How this is going to affect Google’s Tensor chip is this. The Tensor chip has something called Tensor Processing Unit (TPU) and a custom NPU. These are responsible for running and speeding up machine learning features like the camera processing and voice processing. If the Cambridge based company changes its licensing terms. These TPU and NPU could face possible exclusion from the future Tensor chips.
If this should happen, it means Google may have to go back to its old technology. Something they purposely abandoned in favor of the Tensor chip. That is the Pixel Visual / Neural core model. This model uses a separate co-processor for camera and other Machine Learning tasks. Unlike the Tensor chip that has the Neural Core integrated into the main chip.
Why Qualcomm Opened Lawsuit
Qualcomm’s argument is that ARM cannot change its existing license for more years to come.

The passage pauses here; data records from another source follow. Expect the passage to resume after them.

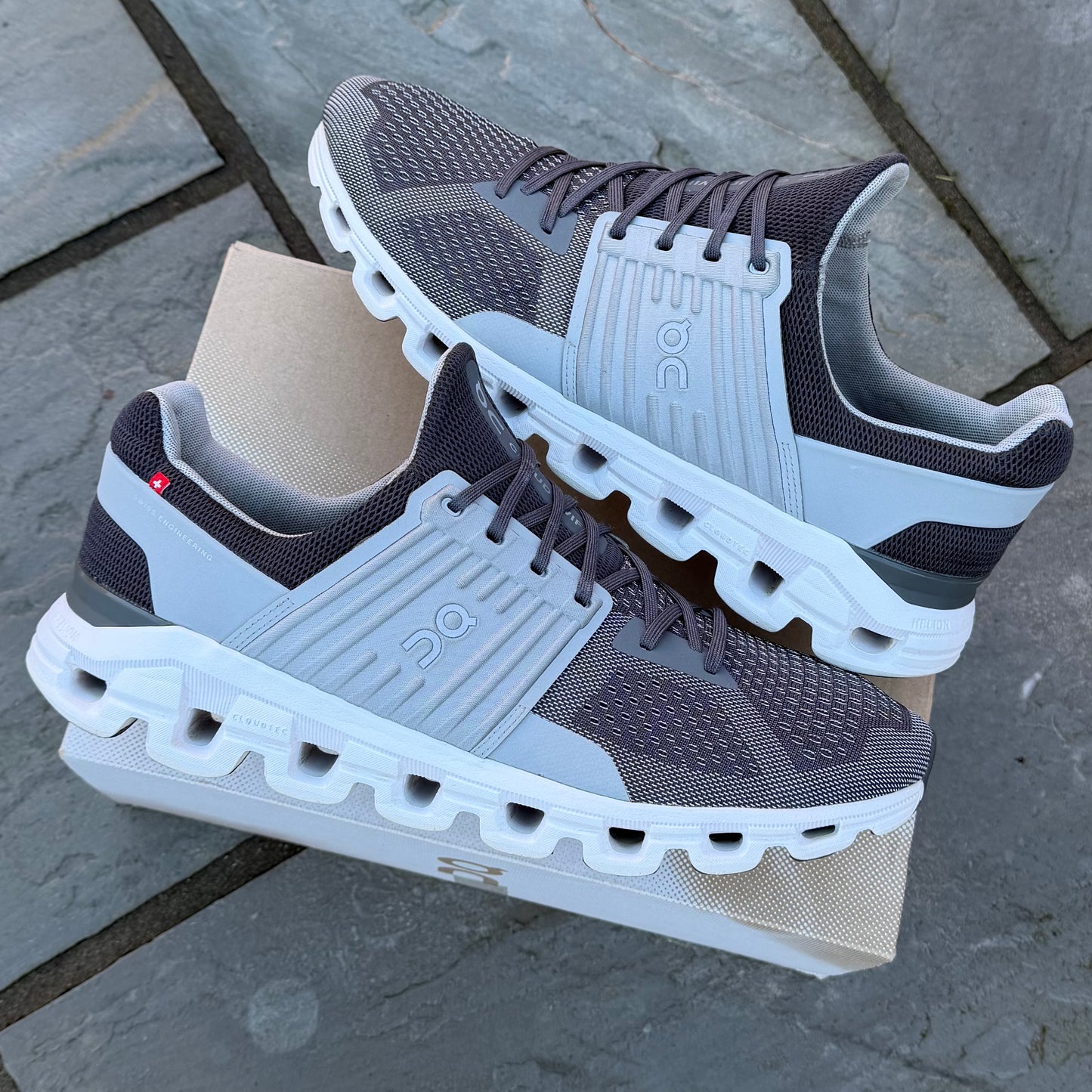 On Running CloudSwift 2.0 - Rock / Slate Grey - UK11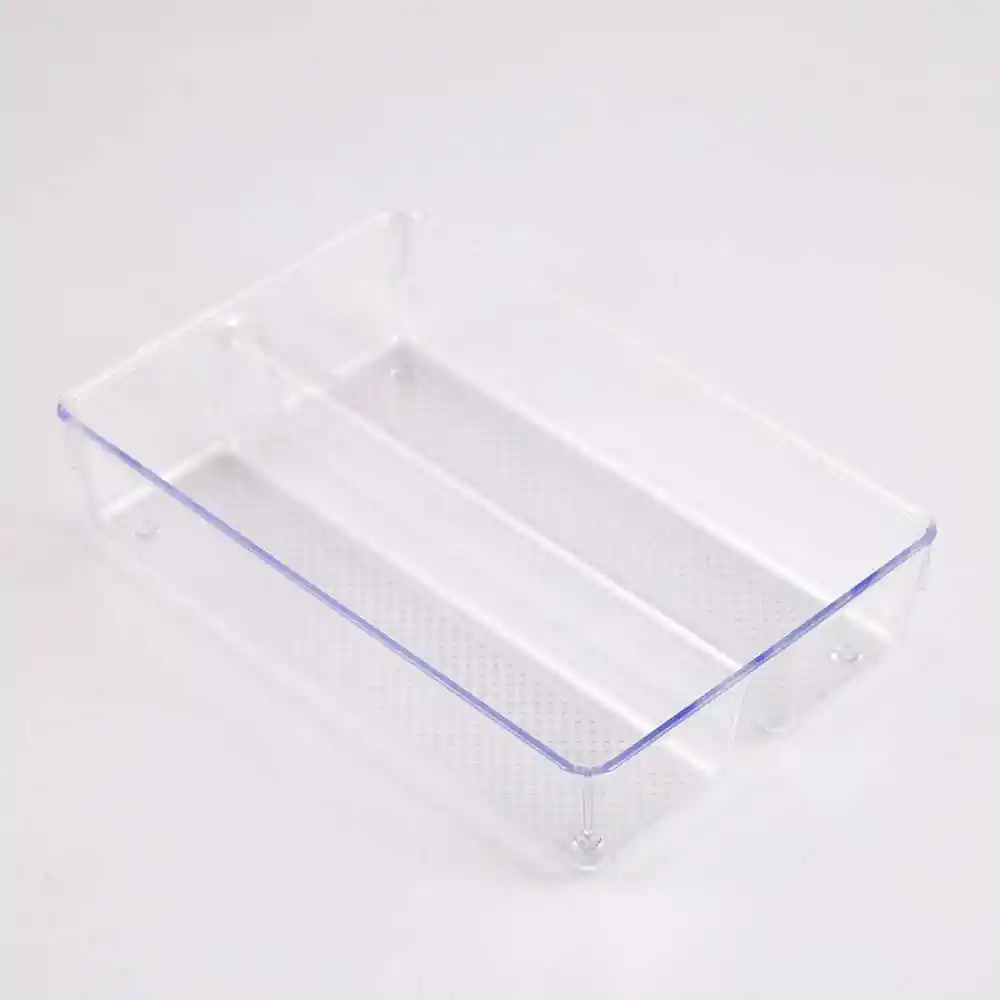 Organizador Plasticforte Nev 15x5x23cm Translucido Plastico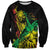 Personalised Reggae Jawaiian Festive Sweatshirt Mix Polynesian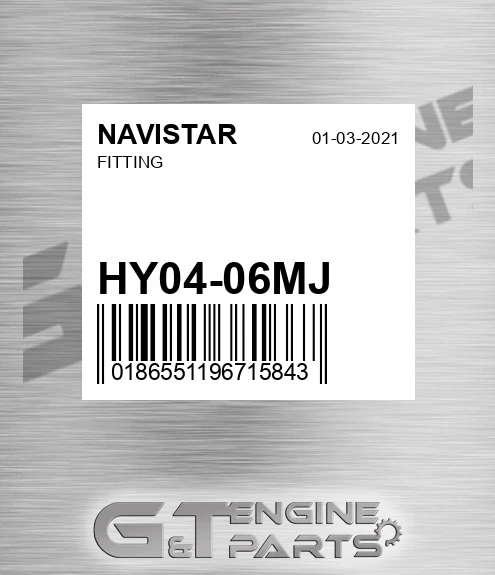 HY04-06MJ Fitting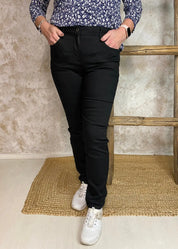 Housut brantex madelaine musta 0225 - housut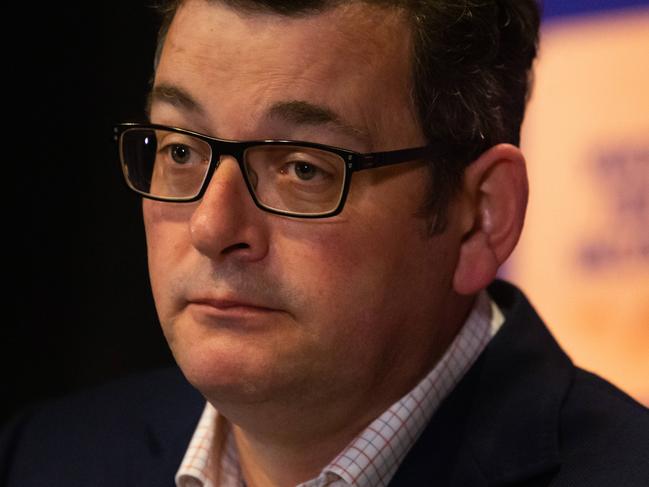 MELBOURNE, AUSTRALIA - NewsWire Photos - SEPTEMBER 23, 2021: The Victorian Premier, Daniel Andrews, provides a covid update. Picture: NCA NewsWire/Sarah Matray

Neither does it have any right to obtain additional royalties from Qualcomm’s customers.
These are statement from Qualcomm’s lawsuit against them. But ARM has not yet made any public announcement on its new business models. There has not been any report of them also making changes to its new business model as well.

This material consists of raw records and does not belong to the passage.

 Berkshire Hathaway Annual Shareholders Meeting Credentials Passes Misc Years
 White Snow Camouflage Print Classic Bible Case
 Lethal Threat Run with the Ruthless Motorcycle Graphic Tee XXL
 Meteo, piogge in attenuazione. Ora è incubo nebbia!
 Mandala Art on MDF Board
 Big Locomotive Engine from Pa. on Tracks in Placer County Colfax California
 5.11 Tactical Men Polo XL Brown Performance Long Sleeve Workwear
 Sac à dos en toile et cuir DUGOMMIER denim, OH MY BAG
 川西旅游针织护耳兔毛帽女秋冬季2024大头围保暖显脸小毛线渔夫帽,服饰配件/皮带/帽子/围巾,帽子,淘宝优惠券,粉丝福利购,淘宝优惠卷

The only new development from this issue comes from Qualcomm. It says that ARM has not informed them about the new business models. That OEMs need to obtain direct license from ARM before they could obtain any ARM related technologies. Qualcomm stated that, ARM intends to:
- “Intends to stop licensing CPU technology as a standalone license”.
- “Will no longer license CPU technology to semiconductor companies”.
- “Will require licensees to obtain other technologies (notably ARM’s GPU and NPU technology) only from ARM.
ARM Could Open Up For Negotiations
looking on the brighter side of the new dispute. There could be some aspects that would allow device makers to negotiate with ARM for custom components inclusion.
A statement from ARM to Fierce Electronics on Friday makes this even clearer. It says that Qualcomm’s claims are “riddled with inaccuracies” and that its response is coming.